Furthermore, the first spacing ring 71 and the second spacing ring
72 are so positioned that the support portion 71a is approximately
opposed to the support portion 72a and, eventually, that the
support portions 71b and 71c are approximately opposed to the
support portions 72b and 72c, respectively. In this manner, the
holding member (71, 72) supports the optically transparent member
60 from both sides at three points located in the three
approximately opposed regions respectively.
[0081] In the illumination optical apparatus (1-15) of the present
embodiment, as described above, the required optically transparent
member (generally, at least one optically transparent member) among
those disposed in the optical path is supported from both sides at
three points in the three approximately opposed regions
respectively. In this case, there appear the stress distributions
concentrated on the supported regions of the optically transparent
member, while no substantial stress distribution appears in the
effective region (clear aperture) of the optically transparent
member. As a result, there occurs little birefringence due to the
stress distributions and, therefore, there is little change in the
polarization state of passing light due to birefringence.

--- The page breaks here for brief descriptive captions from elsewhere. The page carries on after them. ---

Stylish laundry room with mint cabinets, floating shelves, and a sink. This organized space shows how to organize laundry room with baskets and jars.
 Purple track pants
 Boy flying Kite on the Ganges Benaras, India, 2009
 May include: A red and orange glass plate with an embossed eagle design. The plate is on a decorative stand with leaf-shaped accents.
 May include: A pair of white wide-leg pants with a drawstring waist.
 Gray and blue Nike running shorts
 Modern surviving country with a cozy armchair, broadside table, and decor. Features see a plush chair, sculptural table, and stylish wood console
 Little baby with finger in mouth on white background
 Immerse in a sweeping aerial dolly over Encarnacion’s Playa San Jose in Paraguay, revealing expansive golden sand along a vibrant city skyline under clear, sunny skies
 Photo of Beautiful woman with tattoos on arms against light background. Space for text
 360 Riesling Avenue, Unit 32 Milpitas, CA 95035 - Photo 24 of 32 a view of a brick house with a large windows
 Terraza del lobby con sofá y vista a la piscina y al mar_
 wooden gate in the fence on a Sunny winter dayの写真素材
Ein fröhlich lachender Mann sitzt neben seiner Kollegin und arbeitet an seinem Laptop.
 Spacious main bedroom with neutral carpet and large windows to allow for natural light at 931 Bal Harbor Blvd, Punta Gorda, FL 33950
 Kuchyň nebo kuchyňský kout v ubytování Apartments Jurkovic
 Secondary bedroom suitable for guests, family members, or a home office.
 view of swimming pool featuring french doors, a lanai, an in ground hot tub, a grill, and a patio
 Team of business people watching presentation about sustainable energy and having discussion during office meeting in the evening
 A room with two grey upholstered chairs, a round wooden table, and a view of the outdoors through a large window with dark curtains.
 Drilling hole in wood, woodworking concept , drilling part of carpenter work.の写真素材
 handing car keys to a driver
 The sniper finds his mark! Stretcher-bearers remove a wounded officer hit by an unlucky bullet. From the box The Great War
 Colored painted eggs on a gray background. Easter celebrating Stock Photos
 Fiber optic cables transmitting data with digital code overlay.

[0082] In this manner, the illumination optical apparatus (1-15) of
the present embodiment is able to well suppress the change in the
polarization state of light in the optical path and to illuminate
the mask M (and the wafer W eventually) as a surface to be
illuminated, with light in the desired polarization state or in the
unpolarized state. Therefore, the exposure apparatus of the present
embodiment is able to faithfully transfer a fine pattern onto the
wafer (photosensitive substrate) W on the basis of the desired
illumination condition according to the mask pattern, using the
illumination optical apparatus (1-15) for illuminating the mask M
as a surface to be illuminated, with the light in the desired
polarization state or in the unpolarized state.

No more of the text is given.